I can remember for a period of about 10 years, whenever I went to a function in town, if one certain man was there, I could feel him looking at me. I honestly don’t know how his wife never saw it, or anyone else for that matter. Well, one night we were at a party and I had quite a bit to drink, so I asked him why he was always staring at me. He said that I stood out in a crowd. Now mind you, I took that as a high compliment. And for my low self esteem issues, I’m not going to lie, it felt wonderful!
I remember one particular day I had attended a football game and was at the “post party.” There were probably hundreds of people there, mingling and drinking and having a good time. I was standing in the drink line and a gentleman struck up a conversation with me. We talked for a several minutes and he told me that I could have any guy I wanted here. A place filled with older and young, fit, attractive men. Well, another stroke for my limp ego.
I have had so many men over the course of my life (and women, too to be quite honest) tell me how beautiful I was. Men 20 years older, men 20 years younger. But along with that has come this huge insecurity.
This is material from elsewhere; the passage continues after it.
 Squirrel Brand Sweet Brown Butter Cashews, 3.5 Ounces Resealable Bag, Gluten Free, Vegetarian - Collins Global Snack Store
I was married to a man for many years, who didn’t appreciate me. Honestly, I was just someone to fill the role of cook, maid and sex partner. When we were first married, he would get very angry if I didn’t have sex with him. He would even use scripture against me to get what he wanted. I got to the point where I didn’t want to face his anger, so I just gave in. I let him use me. Sometimes I would even pretend I was asleep, but he didn’t care. Afterward, I would get up, go to the bathroom and cry on the floor. I look back now and know that was abuse. I’m no longer in that marriage, but things still are challenging.
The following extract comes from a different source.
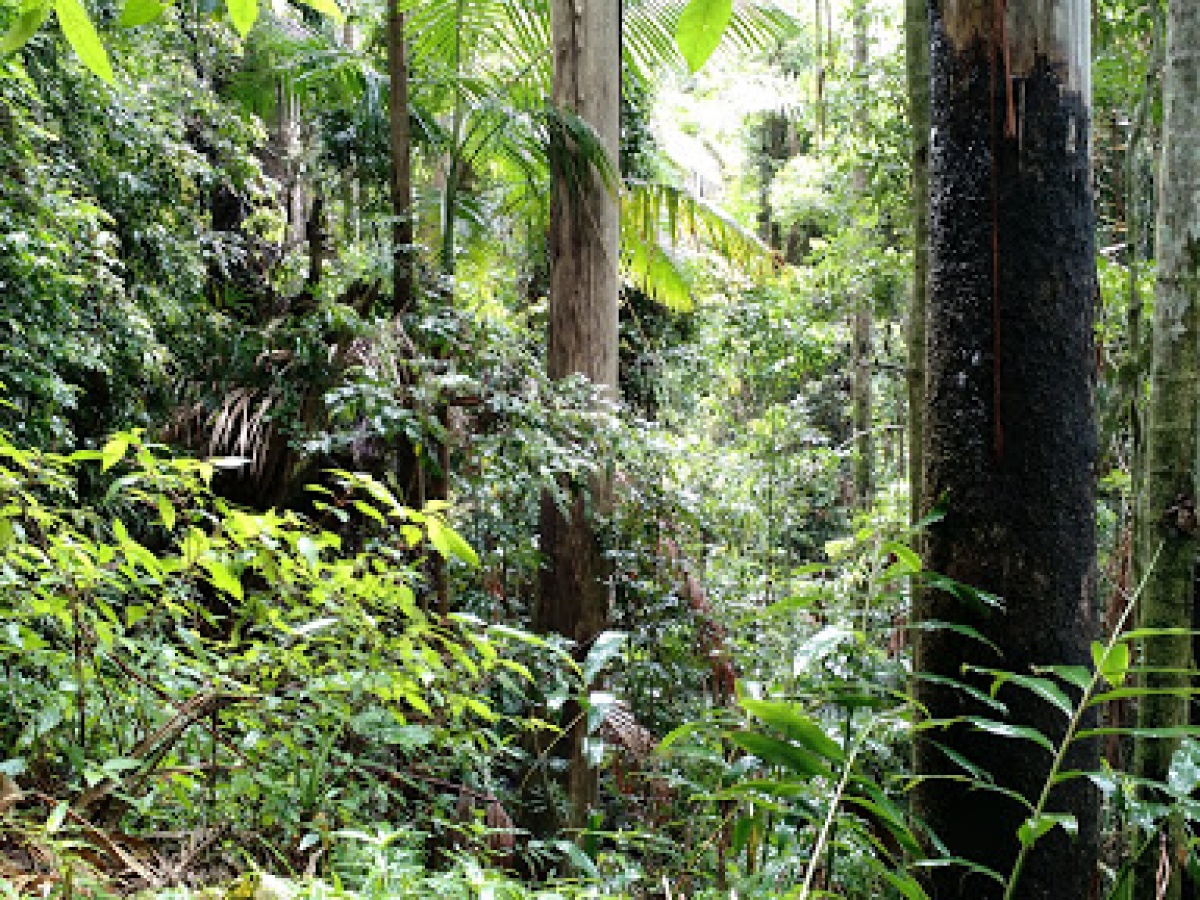 Rainforest Way Mt Warning View Circuit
I’ve given myself some time to heal and decided to try out some dating websites. I’m sure there are some decent men on them. But the only ones I seem to attract are looking for hookups. NSA, POA, ONS. Oh yes, even the “christian ones.” And that’s just not me. I lived like that for over 20 years, being used. With the man who was supposed to love and cherish me forever.
Funny thing is, I’ve noticed a pattern lately; that all of these men attack at the same time! I mean, is it the moon or what? I have likened it to wolves and I am the female in heat. I will get several text messages within a 2 or 3 day period from several different men. And I’m not even going out or anything, just sitting at home minding my own business.
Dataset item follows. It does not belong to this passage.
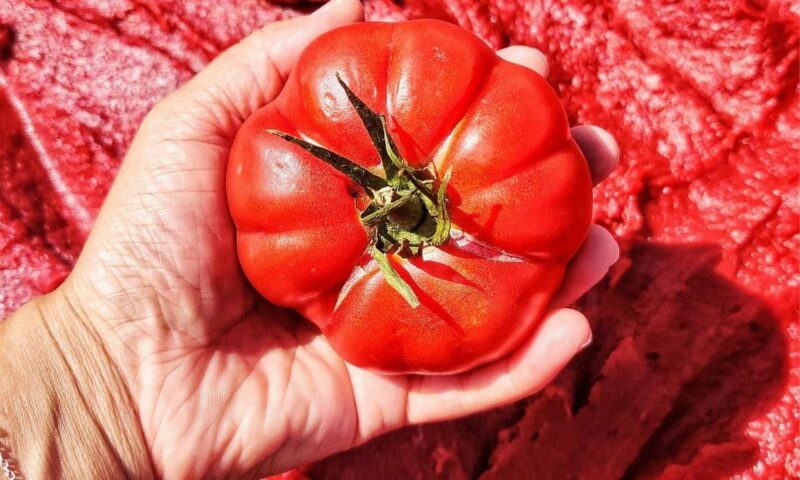 Ta Mena Fruit Ta Mena Fruit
And I know what you might be thinking, oh boo hoo. Cry me a river. Well, here lies the problem. When a man does show interest, I don’t trust him. I don’t know if I ever will. What am I going to do when or if the right one comes along? And I swear they have gotten craftier. The time and effort some put into it would blow your mind. They tell you what the “good guys” used to tell you. Do I attract a certain type of man? Is there something tattooed on my forehead? I’ve joked about that for years. And I don’t dress in a way that is inappropriate. I think I dress attractive but stylish.
I’m generally a pretty nice person. I say hi to everyone I meet. Has kindness become so rare that people confuse it for flirting? Honestly, I am thankful God made me the way I am. I like the way I look. I’ve probably put on weight thinking that maybe it would discourage unwanted advances, both from my ex husband and other men. But they honestly don’t care. I’m starting to feel like I need to change who I am, which I don’t want to do.
My hope is that I can teach my son that woman are not sex objects. They have feelings. They are beautiful human beings that are to be respected and appreciated and never used. I may not be able to control other men, but I certainly have some control over the one I’m raising.